▸ **Dataset section**:
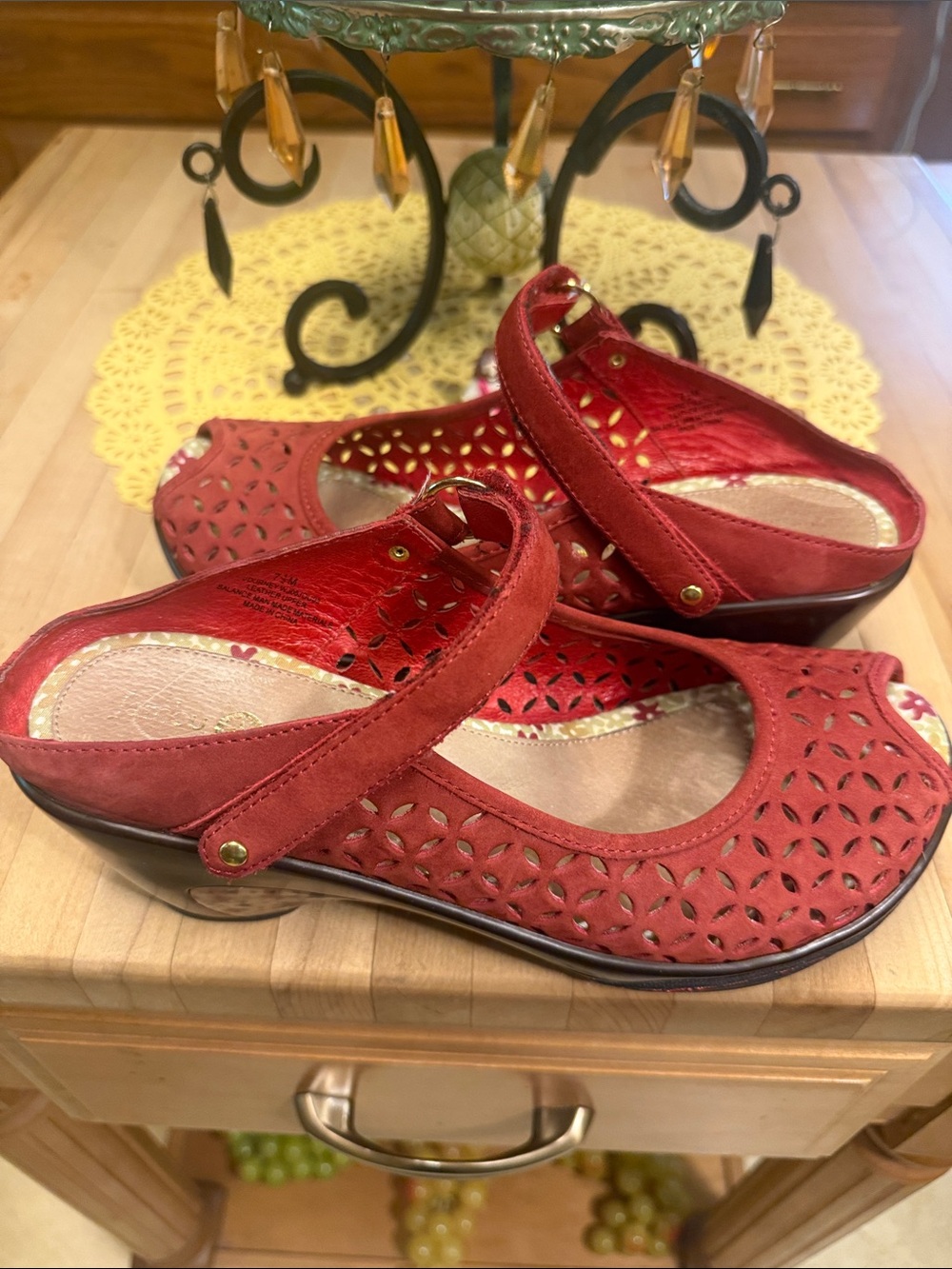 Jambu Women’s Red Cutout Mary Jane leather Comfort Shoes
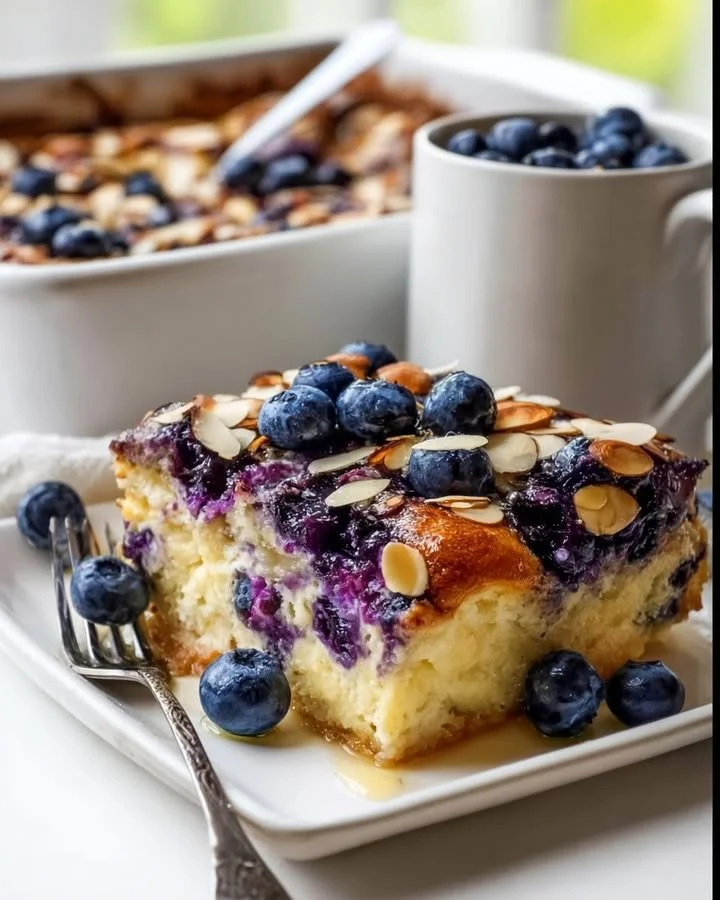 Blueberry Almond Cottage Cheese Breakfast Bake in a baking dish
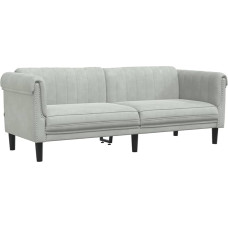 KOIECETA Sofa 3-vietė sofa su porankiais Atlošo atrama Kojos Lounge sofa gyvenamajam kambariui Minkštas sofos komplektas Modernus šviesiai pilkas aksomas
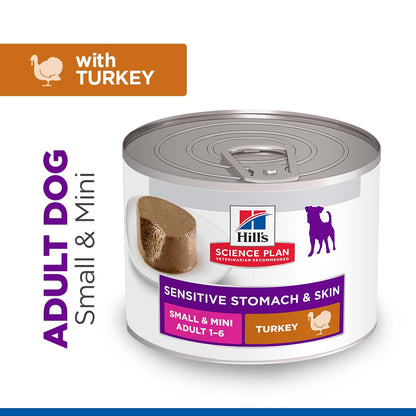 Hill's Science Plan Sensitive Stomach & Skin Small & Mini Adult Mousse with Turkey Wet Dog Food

▸ **Instructions to follow**: Excluding images, output exactly the lines from the one that holds "Blueberry Almond Cottage" through the final line of the material, both ends included.

▸ **Answer for the task**:
 Blueberry Almond Cottage Cheese Breakfast Bake in a baking dish
 KOIECETA Sofa 3-vietė sofa su porankiais Atlošo atrama Kojos Lounge sofa gyvenamajam kambariui Minkštas sofos komplektas Modernus šviesiai pilkas aksomas
 Hill's Science Plan Sensitive Stomach & Skin Small & Mini Adult Mousse with Turkey Wet Dog Food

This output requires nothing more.